From: Dan Williams <dan.j.williams@intel.com>
To: David Hildenbrand <david@redhat.com>
Cc: Linux MM <linux-mm@kvack.org>,
Linux Kernel Mailing List <linux-kernel@vger.kernel.org>,
linux-ia64@vger.kernel.org,
linuxppc-dev <linuxppc-dev@lists.ozlabs.org>,
linux-s390 <linux-s390@vger.kernel.org>,
Linux-sh <linux-sh@vger.kernel.org>,
Andrew Morton <akpm@linux-foundation.org>,
Greg Kroah-Hartman <gregkh@linuxfoundation.org>,
"Rafael J. Wysocki" <rafael@kernel.org>,
"mike.travis@hpe.com" <mike.travis@hpe.com>,
Ingo Molnar <mingo@kernel.org>,
Andrew Banman <andrew.banman@hpe.com>,
Oscar Salvador <osalvador@suse.de>,
Michal Hocko <mhocko@suse.com>,
Pavel Tatashin <pasha.tatashin@soleen.com>, Qian Cai <cai@lca.pw>,
Wei Yang <richard.weiyang@gmail.com>,
Arun KS <arunks@codeaurora.org>,
Mathieu Malaterre <malat@debian.org>
Subject: Re: [PATCH v2 4/8] mm/memory_hotplug: Create memory block devices after arch_add_memory()
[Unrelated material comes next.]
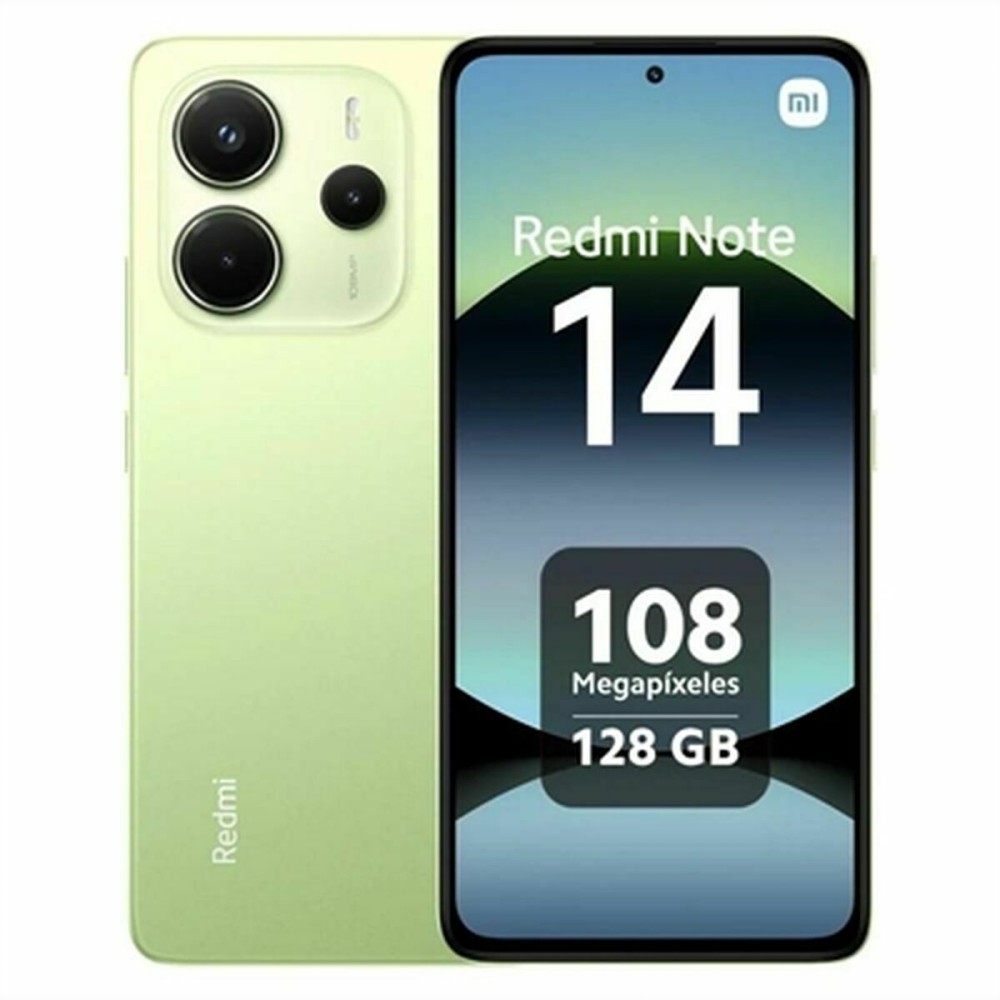 Smartphone Xiaomi 6,67" 6 GB RAM 128 GB Green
Date: Tue, 7 May 2019 14:17:16 -0700 [thread overview]
Message-ID: <CAPcyv4jiVyaPbUrQwSiy65xk=EegJwuGSDKkVYWkGiTJz847gg@mail.gmail.com> (raw)
In-Reply-To: <20190507183804.5512-5-david@redhat.com>
On Tue, May 7, 2019 at 11:38 AM David Hildenbrand <david@redhat.com> wrote:
>
> Only memory to be added to the buddy and to be onlined/offlined by
> user space using memory block devices needs (and should have!) memory
> block devices.
>
> Factor out creation of memory block devices Create all devices after
> arch_add_memory() succeeded. We can later drop the want_memblock parameter,
> because it is now effectively stale.
>
> Only after memory block devices have been added, memory can be onlined
> by user space. This implies, that memory is not visible to user space at
> all before arch_add_memory() succeeded.
Nice!
>
> Cc: Greg Kroah-Hartman <gregkh@linuxfoundation.org>
> Cc: "Rafael J. Wysocki" <rafael@kernel.org>
> Cc: David Hildenbrand <david@redhat.com>
> Cc: "mike.travis@hpe.com" <mike.travis@hpe.com>
> Cc: Andrew Morton <akpm@linux-foundation.org>
> Cc: Ingo Molnar <mingo@kernel.org>
> Cc: Andrew Banman <andrew.banman@hpe.com>
> Cc: Oscar Salvador <osalvador@suse.de>
> Cc: Michal Hocko <mhocko@suse.com>
> Cc: Pavel Tatashin <pasha.tatashin@soleen.com>
> Cc: Qian Cai <cai@lca.pw>
> Cc: Wei Yang <richard.weiyang@gmail.com>
> Cc: Arun KS <arunks@codeaurora.org>
> Cc: Mathieu Malaterre <malat@debian.org>
> Signed-off-by: David Hildenbrand <david@redhat.com>
> ---
> drivers/base/memory.c | 70 ++++++++++++++++++++++++++----------------
> include/linux/memory.h | 2 +-
> mm/memory_hotplug.c | 15 ++++-----
> 3 files changed, 53 insertions(+), 34 deletions(-)
>
> diff --git a/drivers/base/memory.c b/drivers/base/memory.c
> index 6e0cb4fda179..862c202a18ca 100644
> --- a/drivers/base/memory.c
> +++ b/drivers/base/memory.c
> @@ -701,44 +701,62 @@ static int add_memory_block(int base_section_nr)
> return 0;
> }
>
> +static void unregister_memory(struct memory_block *memory)
> +{
> + BUG_ON(memory->dev.bus != &memory_subsys);
Given this should never happen and only a future kernel developer
might trip over it, do we really need to kill that developer's
machine? I.e. s/BUG/WARN/? I guess an argument can be made to move
such a change that to a follow-on patch since you're just preserving
existing behavior, but I figure might as well address these as the
code is refactored.
> +
> + /* drop the ref. we got via find_memory_block() */
> + put_device(&memory->dev);
> + device_unregister(&memory->dev);
> +}
> +
> /*
> - * need an interface for the VM to add new memory regions,
> - * but without onlining it.
> + * Create memory block devices for the given memory area. Start and size
> + * have to be aligned to memory block granularity. Memory block devices
> + * will be initialized as offline.
> */
> -int hotplug_memory_register(int nid, struct mem_section *section)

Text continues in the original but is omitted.